Programming Distributed Algorithms

This tutorial will give an overview of methods and languages for programming distributed algorithms.  The tutorial consists of four parts:
  1. An introduction to distributed algorithms and an overview of methods and languages for expressing distributed algorithms.  The introduction covers important algorithms to be used as examples, including Paxos for distributed consensus that is at the core of distributed services.
  2. A method for programming distributed algorithms with (1) high-level  control flows that are easy to understand as in pseudo-code, and (2)  precise semantics for rigorous analysis and verification as in formal specification languages.
  3. A language, DistAlgo, that minimally extends conventional object-oriented programming languages, such as Python and Java, for such programming of distributed algorithms, and methods for efficient implementations.
  4. Demonstrations and experiments with an implementation of the language in Python, called DistPy, on example algorithms and implementations.
The language has been used to program a variety of important distributed algorithms for ease-of-use and efficiency evaluations, and has been used to implement distributed algorithms and services in dozens of course projects in graduate and undergraduate courses.  The projects include a wide range of distributed file systems, distributed hash tables, distributed databases, and other distributed processing systems such as MapReduce.

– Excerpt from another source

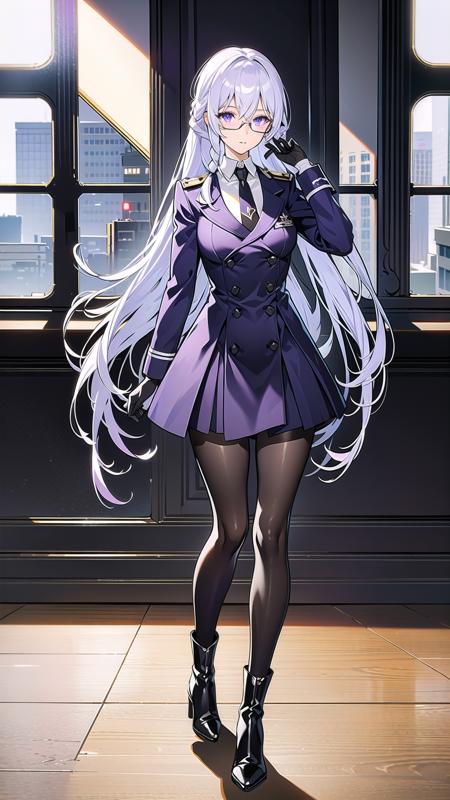 masterpiece, best quality,hoduraether, 1girl, solo,Full body, pantyhose, long hair, necktie,standing, indoors, black footwear, boots, gloves, double-breasted, armband, buttons, braid, black uniform, glasses, bangs, long sleeves, shirt, black pantyhose, hair between eyes, collared shirt, purple eyes, white shirt, black gloves, purple necktie, white hair, military uniform, black pantyhose, <lora:HodurAetherGazerV1-000008:1>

The tutorial content is based on materials collected during our recent and ongoing research project, Languages for Distributed Algorithms, and on our own research results:
  1. Y.A. Liu, S.D. Stoller, B. Lin, and M. Gorbovitski.  From clarity to efficiency for distributed algorithms.  In Proceedings of the 27th ACM SIGPLAN Conference on Object-Oriented Programming, Systems, Languages and Applications (OOPSLA), pages 395-410, October 2012.
  2. Y.A. Liu, S.D. Stoller, and B. Lin.  High-level executable specifications of distributed algorithms.  In Proceedings of the 14th International Symposium on Stabilization, Safety, and Security of Distributed Systems (SSS), volume 7596 of LNCS, pages 95-110, October 2012 (Best Student Paper Award).

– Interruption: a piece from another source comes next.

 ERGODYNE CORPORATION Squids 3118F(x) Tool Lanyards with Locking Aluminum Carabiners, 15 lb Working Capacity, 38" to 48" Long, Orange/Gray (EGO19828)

Annie Liu is a Professor of Computer Science at Stony Brook University.  She received her BS from Peking University, MEng from Tsinghua University, and PhD from Cornell University.  Her primary research is in languages and optimizations and focuses specially on systematic methods for program development, algorithm design, and problem solving.  She has published in many prestigious journals and conferences and has been awarded more than 20 research grants.  She has taught in a wide range of Computer Science areas and presented close to 100 research talks and invited talks at international conferences, universities, and research institutes.  In 2010, she received a State University of New York Chancellor's Award for Excellence in Scholarship and Creative Activities.

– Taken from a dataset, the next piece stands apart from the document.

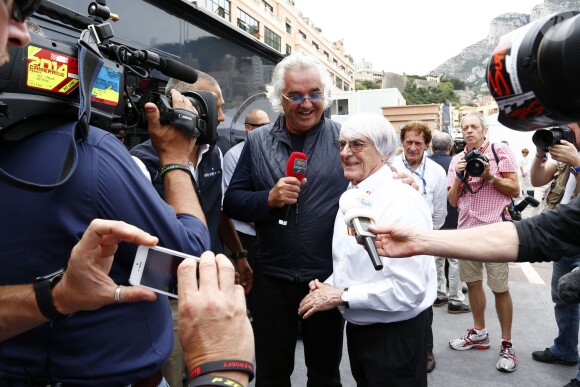 Flavio Briatore et Bernie Ecclestone lors du Grand Prix de Monaco le 25 mai 2014
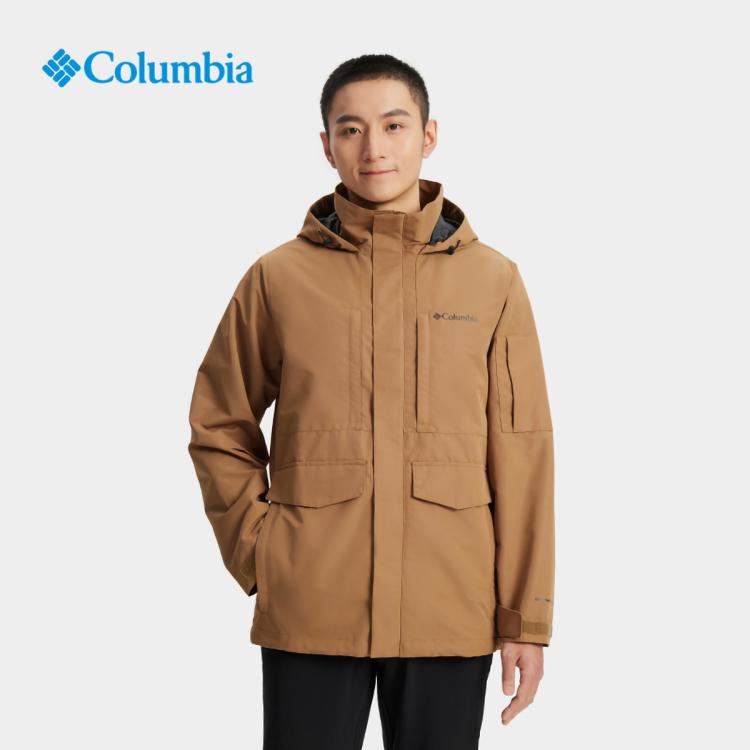 Columbia 哥伦比亚男子城市户外系列防水冲锋衣旅行外套 In Brown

Scott Stoller is a Professor of Science Department at Stony Brook University.  He received his BS in Physics, summa cum laude, from Princeton University and his PhD in Computer Science from Cornell University.  His primary research interests are design, analysis, optimization, testing, and verification of software, with focuses on concurrency, computer security, and incremental computation.  He received an NSF CAREER Award, an ONR Young Investigator Award, a NASA Turning Goals Into Reality Award for Engineering Innovation, Best Paper Awards at Haifa Verification 2005 and Runtime Verification 2011, and a State University of New York Chancellor's Award for Excellence in Scholarship and Creative Activities in 2012.

Bo Lin is a PhD student at Stony Brook University.  He received his BS and MS from Peking University.  His main research focuses on implementation and optimization of distributed programming languages.  He has implemented several versions of DistPy and its earlier incarnation DistAlgo.